Entries shown =>
● ● ● ● ●
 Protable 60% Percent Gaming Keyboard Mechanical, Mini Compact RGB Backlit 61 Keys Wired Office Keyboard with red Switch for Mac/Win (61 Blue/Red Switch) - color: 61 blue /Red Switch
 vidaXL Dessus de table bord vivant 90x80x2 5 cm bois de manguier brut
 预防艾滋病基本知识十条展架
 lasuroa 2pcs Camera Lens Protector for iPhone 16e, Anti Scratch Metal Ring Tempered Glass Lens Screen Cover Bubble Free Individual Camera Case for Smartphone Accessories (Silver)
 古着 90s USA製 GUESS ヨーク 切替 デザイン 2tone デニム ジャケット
● ● ● ● ●
How to complete this task => Set down, exactly and only, the lines running from the one holding "预防艾滋病基本知识十条展架" through the end of the records above, both ends included.

Result =>
 预防艾滋病基本知识十条展架
 lasuroa 2pcs Camera Lens Protector for iPhone 16e, Anti Scratch Metal Ring Tempered Glass Lens Screen Cover Bubble Free Individual Camera Case for Smartphone Accessories (Silver)
 古着 90s USA製 GUESS ヨーク 切替 デザイン 2tone デニム ジャケット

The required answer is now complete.